In the present invention, the ionicity and pH of the water-soluble slurry of acrylic acid-methacrylic acid copolymer (hereinafter referred to as the present copolymer) are not particularly limited, but when blended with calcium aluminate. , To obtain greater fluidity, this copolymer is anionic and at 25 ℃
It is important that the pH of the water-soluble slurry having a concentration of 1% is neutral to alkaline, and a pH of 7.5 to 11 is particularly preferable. Further, the powder type is preferable from the viewpoint that the present copolymer can be premixed with calcium aluminate in advance and the trouble of separately charging or mixing at the time of construction can be reduced.
The pulverization of the present copolymer can be carried out by subjecting a liquid product to a drying treatment with a dryer such as a spray dryer.

As the carbonate according to the present invention, any of inorganic carbonates can be used, but alkali carbonates such as sodium carbonate, potassium carbonate, calcium carbonate, sodium hydrogen carbonate and potassium hydrogen carbonate can be used. Preferably, any of its hydrated salt and anhydrous salt can be used.
Among these, it is preferable to use sodium carbonate because it is easily available. JIS K 1201, JIS K 8624, and JIS K 8625
It is possible to use sodium carbonate as specified in. The particle size of the carbonate is preferably as fine as possible so that it can be easily dissolved in water when mixed with calcium aluminate.
The mesh or less is preferable, and the mesh 200 or less is more preferable. The purity of the carbonate is not particularly limited,
Presently, it is possible to use industrially refined carbonates, and it is preferable to use those having a target carbonate purity of about 80% or more.

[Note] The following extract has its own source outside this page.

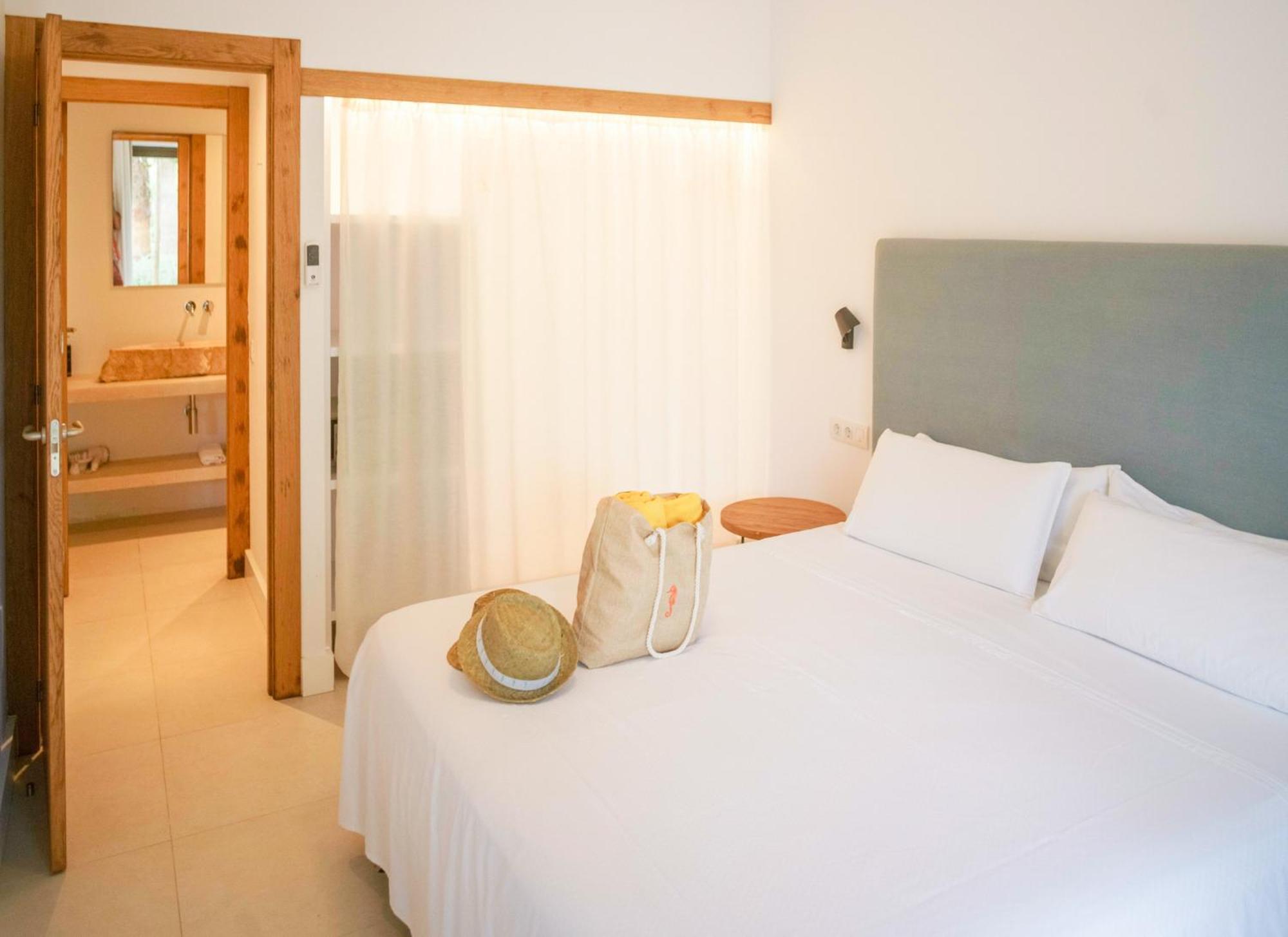 Sa Cala Suites - Formentera Break Es Caló Extérieur photo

The boric acid according to the present invention is boric acid or its alkali salt. Here, boric acid is also known as boric acid, orthoboric acid, or orthoboric acid, and H ₃
It is also possible to use those represented by the chemical formula of BO ₃ and containing pyroboric acid, tetraboric acid, or metaboric acid. The method for producing boric acid is not particularly limited, but it is usually obtained by adding sulfuric acid to a raw ore of boric acid to thermally decompose it, liberating generated boric acid, separating and extracting, and then purifying.
The alkali salt of boric acid is, for example, a sodium salt or a potassium salt, of which the sodium salt is preferably used, and any of its hydrated compound and anhydrous compound can be used. The particle size of boric acid is preferably as small as possible so that it can be easily dissolved in water when mixed with calcium aluminate. Further, the purity of boric acid is not particularly limited, but it is possible to use boric acid which is currently industrially refined, and bo ₃ content in boric acid is about 80% or more. Use is preferred.

The carboxylic acids according to the present invention are used for extending the pot life and improving the fluidity during castable kneading, and are oxycarboxylic acids or their alkali salts, specifically citric acid. , Tartaric acid, succinic acid, lactic acid,
And gluconic acid or its alkali salt. Examples of alkali salts of carboxylic acids include sodium salt, potassium salt, calcium salt and the like. Of these, citric acid or its alkali salts, among them,
Use of sodium citrate or potassium citrate is preferable from the viewpoints of extending the pot life of the castable, obtaining an appropriate curing time, and improving the fluidity and strength development.
The particle size of the carboxylic acid is preferably as fine as possible so that it can be easily dissolved in water when mixed with calcium aluminate, preferably 100 mesh or less, more preferably 200 mesh or less. The purity of the carboxylic acids is not particularly limited, and it is possible to use industrially purified carboxylic acids at present, and it is preferable to use a carboxylic acid having a purity of about 80% or more as a target. Above all,
Use of citric acid with less than 0.05% sulfate as an impurity or its salt, or sodium citrate or potassium citrate with a pH of a 1% aqueous solution at 20 ° C in the range of 7 to 10 has a long working life. It is more preferable because it can be removed.

The mixing ratio of the above materials is 100% of the present copolymer.
Carbonate 10 to 100 parts by weight, boric acid 10 to 1 with respect to parts by weight
00 parts by weight and 10 to 200 parts by weight of carboxylic acids are preferred. Furthermore, 20 parts of carbonate is added to 100 parts by weight of this copolymer.
~ 50 parts by weight, boric acids 20 to 50 parts by weight, and carboxylic acids
15 to 100 parts by weight is more preferable. Outside of this range, when compounded with calcium aluminate, the pot life, curing time, fluidity, strength development, etc. are not balanced, and the pot life is shortened or the curing time is delayed, Tend to lack sex.

The amount of the mixture of the present copolymer, carbonate, boric acid, and carboxylic acid used is preferably 0.1 to 10 parts by weight with respect to 100 parts by weight of calcium aluminate,
0.5 to 5 parts by weight is more preferable. If it exceeds 10 parts by weight, the tendency for retardation of curing becomes strong, and if it is less than 0.1 parts by weight, the pot life tends to be short and the fluidity tends to be poor.

The cement composition of the present invention can be used together with various cements such as Portland cement, and the cement composition of the present invention can be used alone as a cement.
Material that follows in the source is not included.